SFSU Finds No Religious Discrimination, Hillel Claim "Unsubstantiated"

SFSU GUPS students with Dr. Rabab Abdulhadi.

SFSU GUPS students with Dr. Rabab Abdulhadi.

San Francisco Hillel filed a baseless complaint against a committee of organizers from the Latinx, Arab, and Muslim communities at San Francisco State University (SFSU) after the organizers did not invite Hillel to have a table at a Know Your Rights (KYR) fair in February 2017. Hillel alleged that it was excluded based on religious discrimination. After a 5-month factual investigation, SFSU determined the allegations of religious discrimination to be unfounded.

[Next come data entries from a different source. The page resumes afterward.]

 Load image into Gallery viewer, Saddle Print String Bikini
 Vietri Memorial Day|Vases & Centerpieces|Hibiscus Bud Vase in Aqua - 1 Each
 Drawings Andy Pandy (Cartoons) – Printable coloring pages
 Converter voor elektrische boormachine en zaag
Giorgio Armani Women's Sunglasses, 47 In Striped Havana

This proves false one of the major allegations in the lawsuit against SFSU brought by the rightwing “Lawfare Project” with the aim to suppress speech.

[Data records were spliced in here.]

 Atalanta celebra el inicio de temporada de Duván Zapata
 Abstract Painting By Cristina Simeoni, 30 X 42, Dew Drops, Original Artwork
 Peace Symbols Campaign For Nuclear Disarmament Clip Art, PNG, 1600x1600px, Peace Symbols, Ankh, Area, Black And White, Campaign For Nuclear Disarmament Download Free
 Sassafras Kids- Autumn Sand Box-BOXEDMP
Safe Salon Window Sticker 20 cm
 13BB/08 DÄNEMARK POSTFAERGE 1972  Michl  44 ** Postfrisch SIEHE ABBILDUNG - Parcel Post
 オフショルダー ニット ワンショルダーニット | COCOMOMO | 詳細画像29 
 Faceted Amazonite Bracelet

While finding no religious discrimination, SFSU did find organizers of the Fair responsible for “retaliation” and viewpoint discrimination. “There are no facts that support the conclusion that retaliation against Hillel occurred. This is a politically motivated decision to punish and silence people who stand up for Palestinian rights and dare to protect themselves in a climate of repression. We will appeal this piece as far as we need to go,” commented Liz Jackson, attorney with Palestine Legal who represents the student organizers of the Fair.

The Know Your Right Fair was designed to support students facing intensified government persecution. Organizers were concerned with Trump’s executive orders targeting Arab, Muslim, LGBTQ, and undocumented communities.

Event organizers contacted community partners engaged in supporting students from the targeted communities. Groups such as the ACLU, immigrant rights, and trans rights organizations signed up to speak on panels and table. Hillel, which was not on the initial invitation list, contacted the organizing committee and requested to table. The committee considered Hillel’s record of conduct threatening students, and the fact that there were already 25 organizations signed up for 22 tables, and decided to decline Hillel’s request.

“SF Hillel was not invited to table at the event because of its demonstrated record of suppression of student rights, including advocacy for justice in Palestine. In SF and across the country, Hillel International has attacked students and professors with unfounded accusations of terrorism and anti-Semitism, and called for law enforcement to scrutinize our political speech. They do this repeatedly, with university complicity,” explained student organizer Saliem Shehadeh.

“The mission of the event was to bolster protections for students facing government repression. Hillel collaborates with law enforcement targeting anti-colonial political organizing and black and brown bodies. This directly undermines the mission of the Fair,” continued Shehadeh.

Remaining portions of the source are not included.